Members of the House Blue Dog Coalition and the House Energy and Commerce Committee are working to complete a compromised before the August recess and have been working hard at committee mark-up on a bill. The compromise has not been released in detail but is reported to include:
- Additional cuts of up to $100 million from the total cost of the reform bill and a requirement that the bill cost under $1 trillion (excluding the SGR fix)

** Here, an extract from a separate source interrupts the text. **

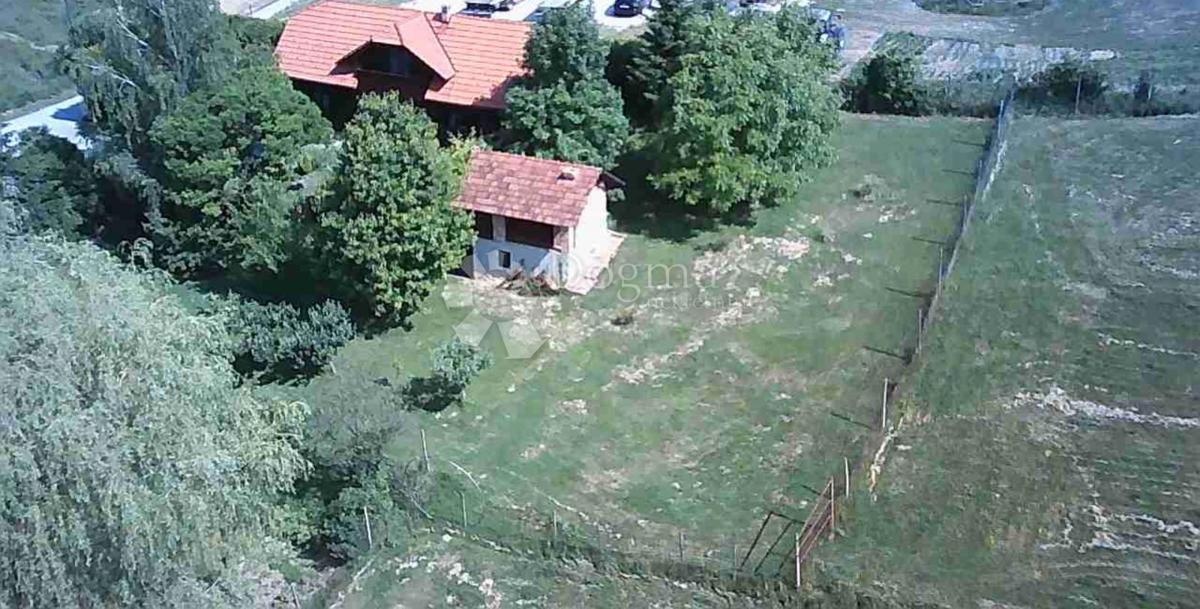 Casa Trški Vrh, Krapina - Okolica, 180m2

- Dilution of public plan language by explicitly stating provider participation in a public plan is optional, and Removal of the provision indexing payments for the public plan to Medicare, instead allowing the HHS Secretary to negotiate provider payment rates
- Enhanced language around value based purchasing for hospitals
- Language grandfathering existing state insurance exchanges (e.g., Massachusetts Health Connector)
- Clarification that states have the option for state exchanges
- Less generous individual subsidies for insurance coverage
- Exclusion of customary prompt-pay discounts extended to distributors from a manufacturer's calculation of Average Sales Price for Medicare Part B Drugs and Biologics
As a part of the accord reached between the Blue Dogs and House leadership earlier this week, the House will not hold a floor vote on reform legislation until September to allow all members time to review all reform bills. If the current timeline holds, we expect the three House committees working the reform legislation-Ways and Means, Education and Labor and Energy and Commerce- will merge their bills together and move to the House floor mid-September. The Ways and Means and Education and Labor Committees have already passed their reform bills.
The Senate is not expected to mark-up a reform bill under after the recess based on statements from Chairman Max Baucus (D-MT) and Senate leaders negotiating on reform legislation. Senate Finance members report the Congressional Budget Office (CBO) has scored its current working draft at less than $900 billion over 10 years. While the official score has not been released, the draft approach is estimated to cover 95 percent of Americans by 2015, boost employer-sponsored coverage, and fully offset and even reduce the deficit in the10th year.